Sur la vive querelle qui roulait encore alors entre Claude i Saumaise et le P. Denis Petau, Bayle écrit :

« La guerre qu’ils se firent fut très longue et très violente : on n’aurait pas pu apparier des athlètes plus capables de résister l’un à l’autre que ces deux-là. C’est dommage qu’ils n’aient pas écrit avec moins d’emportement. Leur querelle directe commença, si je ne me trompe, un peu après que Saumaise eut publié son commentaire sur le traité de Tertullien De Pallio, l’an 1622. Le P. Petau, se cachant sous le faux nom d’Antonius Kerkoëtius Aremoricus, critiqua ce commentaire. {a} On lui répondit par un ouvrage imprimé l’an 1623, et intitulé Confutatio animadversorum Antonii Cercroëtii ad Claudii Salmasii Notas in Tertullianum De Pallio, auctore Francisco Franco I.C.. {b} Il répliqua par un écrit divisé en trois parties, dont la première fut imprimée à Paris l’an 1622, et les deux autres successivement l’année suivante dans la même ville. Le titre de la première est Antonii Kerkoëtii Aremorici Mastigophorus primus, sive Elenchus confutationis quam Claudius Salmasius sub ementito nomine Animadversis Kerkoëtianis opposuit. {c} […] Je ne sais point si sa réplique fut réfutée, mais je sais que depuis cette première irruption il ne cessa de chercher son adversaire et de le combattre partout où il le trouvait. Ceux qui connaissent le naturel de Saumaise s’imaginent aisément qu’il se défendait et qu’il attaquait à son tour. »

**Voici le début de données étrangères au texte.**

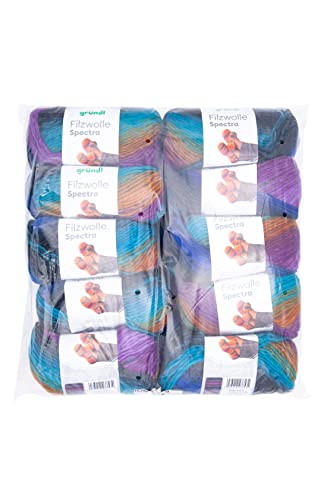 Gründl Wolle Filzwolle Spectra - Dicke Wolle zum Filzen in der Waschmaschine - Strickgarn- Weich und hautfreundlich - 100% Schurwolle - 10 Knäuel 100 g /100 m -Nadelstärke 8-9 - atlantis multicolor von Gründl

  1. Antoine Kerkoët, Breton : Animadversorum liber. Ad Claudii Salmasii notas in Tertullianum De Pallio [Livre de critiques. Contre les annotations de Claude i Saumaise sur le De Pallio de Tertullien] (Rennes, Yvon Halec, 1622, in‑8o).

  2. « Réfutation des remarques d’Antoine Kerkoët contre les annotations de Claude i Saumaise sur le De Pallio de Tertullien, par Franciscus Francus, jurisconsulte » (Middelbourg, Simon Moulert, 1623, in‑8o).

  3. « Premier Mastigophore (porteur de fouet), ou appendice de la réfutation que Claude i de Saumaise, sous un nom inventé, a opposée aux critiques de Kerkoët » (Paris, sans nom, 1622, in‑8o).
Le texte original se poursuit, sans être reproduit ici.